> Task item: Set down, please, exactly the lines below that run from the line with "Discount Lot de" to the line with "オレンジレザープリントチームプレーヤー番号写真 アメリカンフットボール (回転270)", both lines included.

> Data to use:
Segment Open
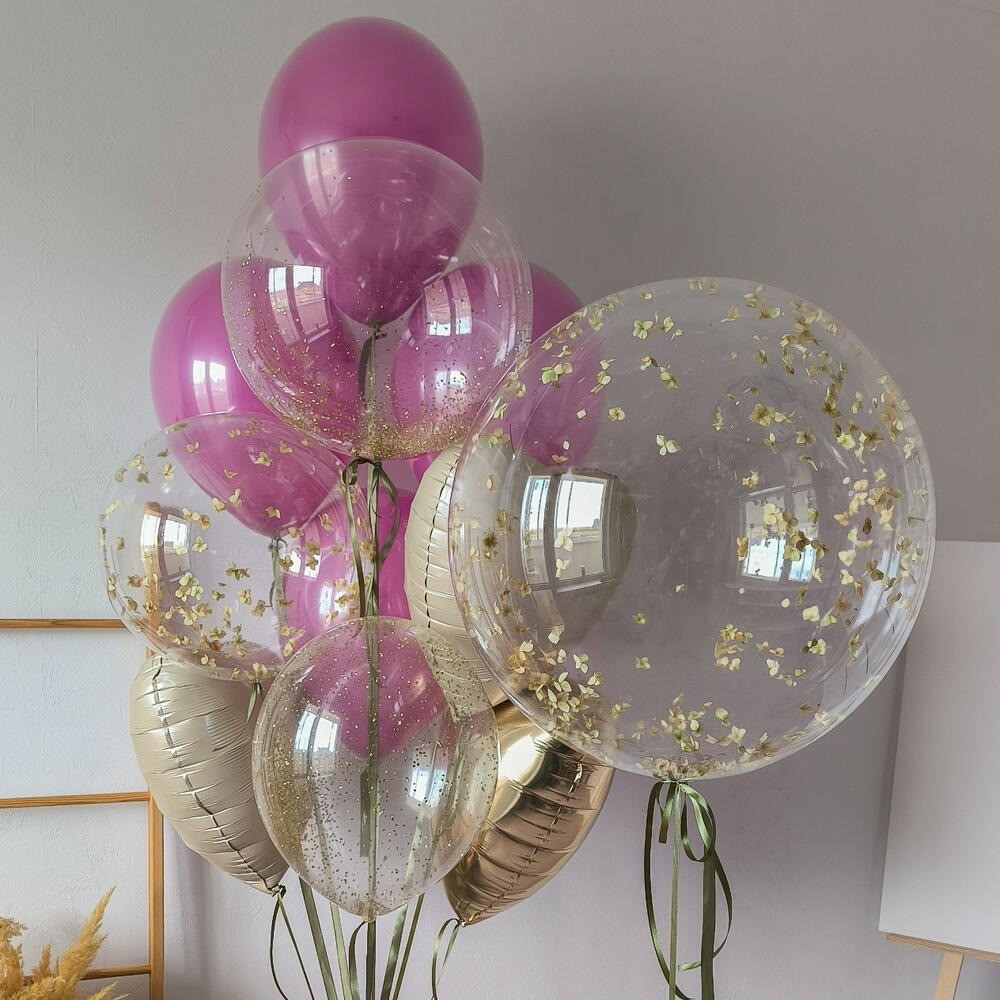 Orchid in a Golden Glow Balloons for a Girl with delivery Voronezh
Segment Closed
Segment Open
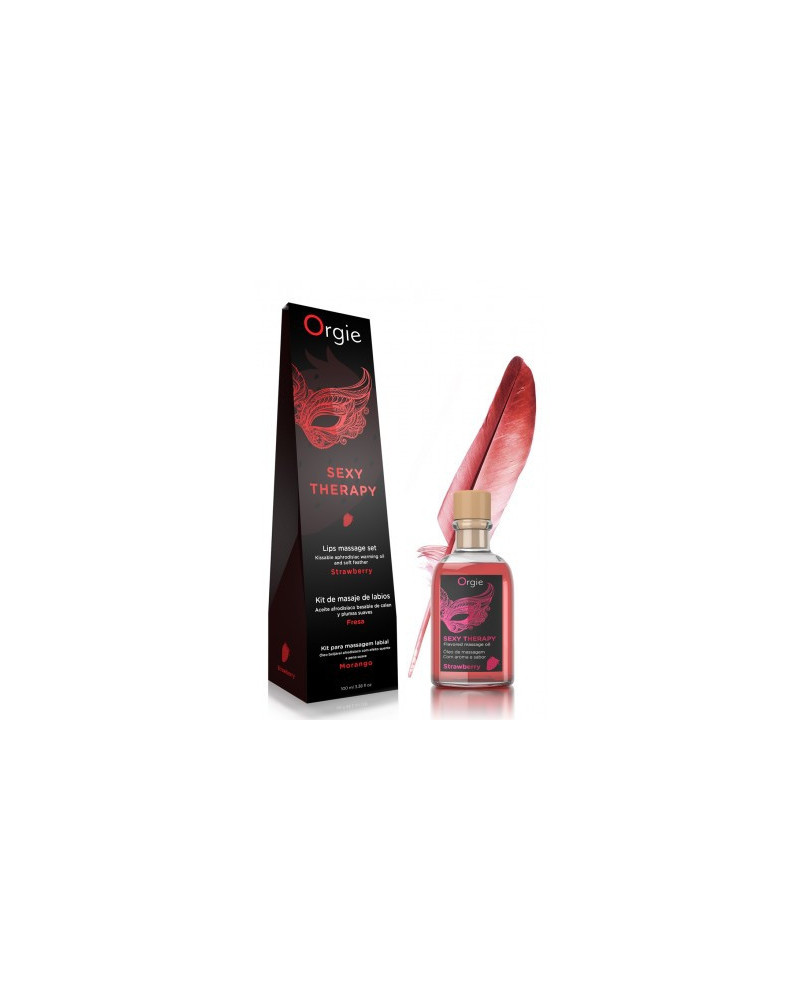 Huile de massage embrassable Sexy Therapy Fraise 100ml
Segment Closed
Segment Open
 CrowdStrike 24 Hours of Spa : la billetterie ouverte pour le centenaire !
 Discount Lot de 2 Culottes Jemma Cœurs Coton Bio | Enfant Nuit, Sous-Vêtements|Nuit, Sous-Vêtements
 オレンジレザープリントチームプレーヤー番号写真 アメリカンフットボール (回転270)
Segment Closed
> Exercise output:
 Discount Lot de 2 Culottes Jemma Cœurs Coton Bio | Enfant Nuit, Sous-Vêtements|Nuit, Sous-Vêtements
 オレンジレザープリントチームプレーヤー番号写真 アメリカンフットボール (回転270)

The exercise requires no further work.